Even in Italy, where the system was perfected, it seems 3-5-2 is outmoded these days.

:thumbsup: I think the advent of the attacking fullback made the 3-5-2 obsolete. Instead of the two wingbacks getting forward in the 352, these days the attacking fullbacks do the job and a holding midfielder in the middle is the one that has a defensive job to do. At the highest level of football, the wide striker almost has a defensive role in stopping the fullbacks from getting up the field (see Dirk Kuyt at Liverpool).

jacomo
13-01-2010, 04:31 PM
I think the advent of the attacking fullback made the 3-5-2 obsolete. Instead of the two wingbacks getting forward in the 352, these days the attacking fullbacks do the job and a holding midfielder in the middle is the one that has a defensive job to do. At the highest level of football, the wide striker almost has a defensive role in stopping the fullbacks from getting up the field (see Dirk Kuyt at Liverpool).

Yup, very true.

Winston Ingram
13-01-2010, 05:48 PM
I remember Gordon Strachan talking about this formation after Southampton won 3-1 at White Hart Lane in the game which cost Glenn Hoddle his job. He was basically saying that he wished all the teams Southampton played against used it.

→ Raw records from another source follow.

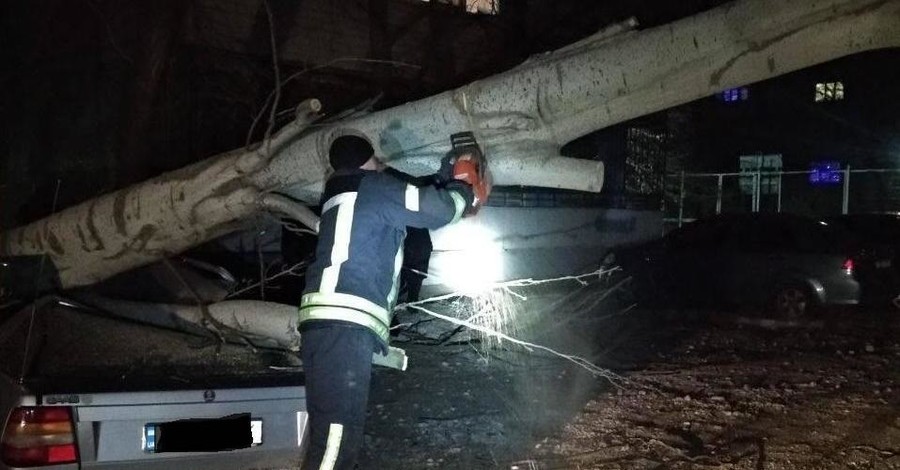 В Запорожье дерево привалило машину с водителем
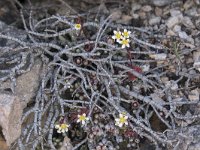 Saxifraga conifera 2, Saxifraga-Willem van Kruijsbergen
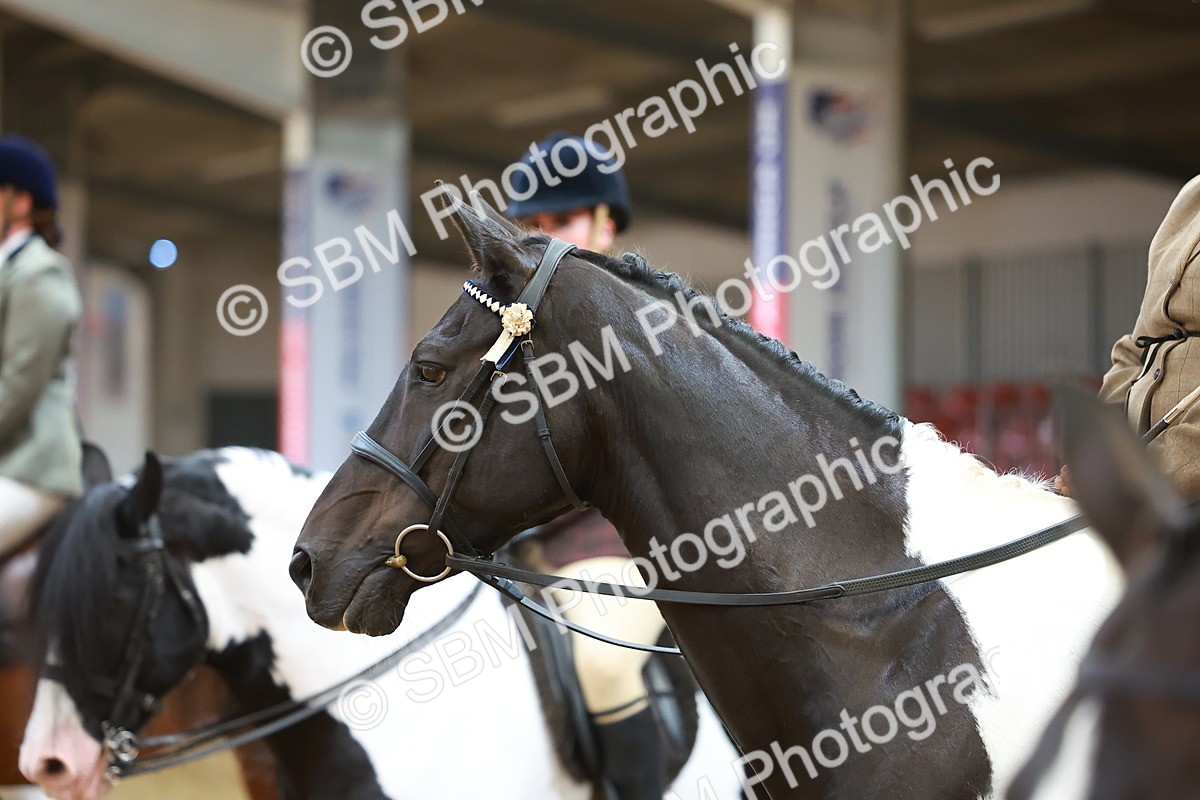 SBM_09692 - Class 102 - HOYS Veteran Qualifier - Ridden Veteran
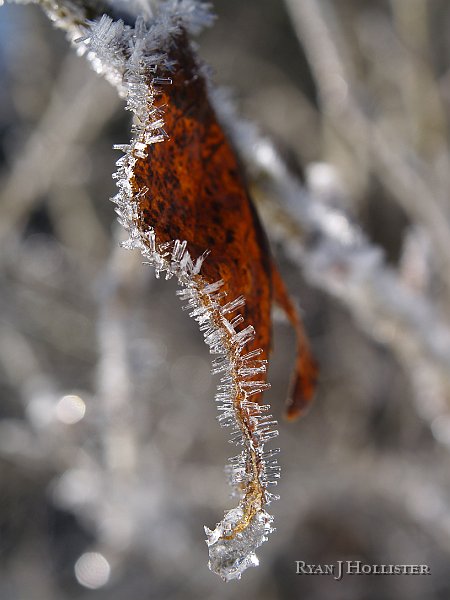 _1036271.JPG - Whoa!  Lower apperature (f-stop) = less background in focus.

His thoughts on it were you just needed to get the ball behind the wing backs and you were odds on to win. Reason being that the CB's would have to go into areas of the pitch they were uncomfortable in and wide midfielders with pace would have 20-30yds to run at them and get loads of crosses in

He also said it was almost impossible for a wing back to maintain the levels of fitness for 90 minutes meaning that nearer the end of the game the chances would flow.

I think his thoughts are supported by the fact that you never see that formation anymore:agree:

ancient hibee
13-01-2010, 07:13 PM
I remember Gordon Strachan talking about this formation after Southampton won 3-1 at White Hart Lane in the game which cost Glenn Hoddle his job. He was basically saying that he wished all the teams Southampton played against used it.

His thoughts on it were you just needed to get the ball behind the wing backs and you were odds on to win. Reason being that the CB's would have to go into areas of the pitch they were uncomfortable in and wide midfielders with pace would have 20-30yds to run at them and get loads of crosses in

He also said it was almost impossible for a wing back to maintain the levels of fitness for 90 minutes meaning that nearer the end of the game the chances would flow.

I think his thoughts are supported by the fact that you never see that formation anymore:agree:
Quite right.Just see how uncomfortable McCormack and Hanlon can be -centre halves actually playing full back.

'Mon the Hibs
13-01-2010, 08:18 PM
Laursen tearing up the wing was a treat, he was HUGE! Jack killing folk all over the shop. Latas simply oozing class. Happy days.